Rebin a threshold-style XiHHRecord into a differential one.

halocat-native wrapper around :func:cumulative_to_binned_xi_hh. Densifies the input record's pair-sparse storage into a ξ_AB cube, recovers n_h(>=) from the auto-pair halo counts n1, runs the closed-form rebin, then repackages the result into a new XiHHRecord with the standard pair-sparse layout. Never writes to disk.

Parameters:

Name Type Description Default
xi_threshold_rec XiHHRecord

Record measured with threshold-style mass bins. Each row of mass_bins is interpreted as (log10M_threshold, +inf); only the lower edge is used as the threshold. A finite upper edge triggers a one-time logger warning.

required
logM_out array_like

Shape (N_M,). Centres of the output (differential) mass bins.

required
dlogM float

Output bin full width (dex).

required
interp_method ('linear', 'cubic')

Forwarded to :func:cumulative_to_binned_xi_hh. Default "linear".

'linear'
symmetrize_input bool

Forwarded. Default True for both.

True
symmetrize_output bool

Forwarded. Default True for both.

True
asymmetry_atol float

Forwarded. Default 1e-3.

0.001
asymmetry_policy ('warn', 'error', 'ignore')

Forwarded. Default "warn".

'warn'

Returns:

Name Type Description
rebinned XiHHRecord

New record with:

  • r_edges and r carried over from the input.
  • mass_bins set to [(c - dlogM/2, c + dlogM/2) for c in logM_out].
  • pairs / pair_indices covering the upper triangle i ≤ j of the new mass-bin grid.
  • xi shape (N_pairs, N_r); same convention as :class:XiHHRecord from the on-disk reader.
  • n1 / n2 derived from the rebinned halo counts.
  • log10M1 / log10M2 set to per-pair edges.
  • attrs copied from the input and extended with rebin_method, rebin_interp, and rebin_dlogM.

Raises:

Type Description
ValueError

Same conditions as :func:cumulative_to_binned_xi_hh, plus if any auto-pair M{i}_M{i} is missing from xi_threshold_rec (its n1 is needed to recover n_h(>=)) or its n1 is non-positive.

See Also

cumulative_to_binned_xi_hh : underlying raw-array driver.
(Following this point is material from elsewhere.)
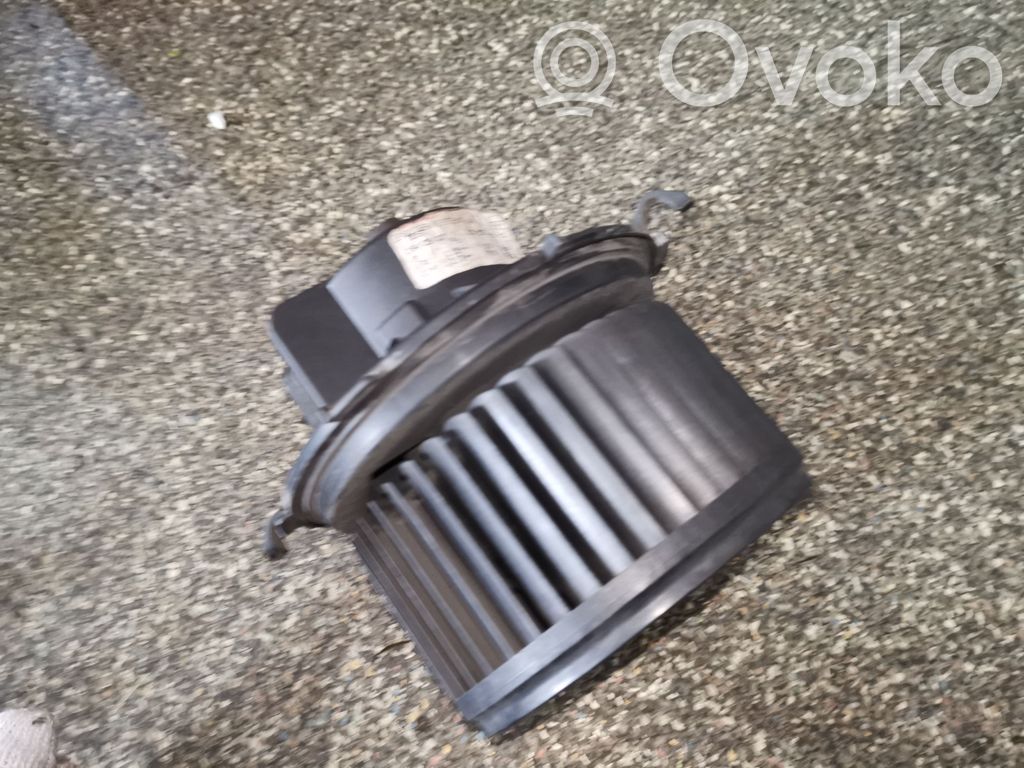 Peugeot Boxer Mazā radiatora ventilators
Source code in halocat/xi_hh_rebin.py
def rebin_xi_hh_record(
    xi_threshold_rec: XiHHRecord,
    logM_out,
    dlogM,
    *,
    interp_method: Literal["linear", "cubic"] = "linear",
    symmetrize_input: bool = True,
    symmetrize_output: bool = True,
    asymmetry_atol: float = 1e-3,
    asymmetry_policy: _AsymmetryPolicy = "warn",
) -> XiHHRecord:
    """Rebin a threshold-style ``XiHHRecord`` into a differential one.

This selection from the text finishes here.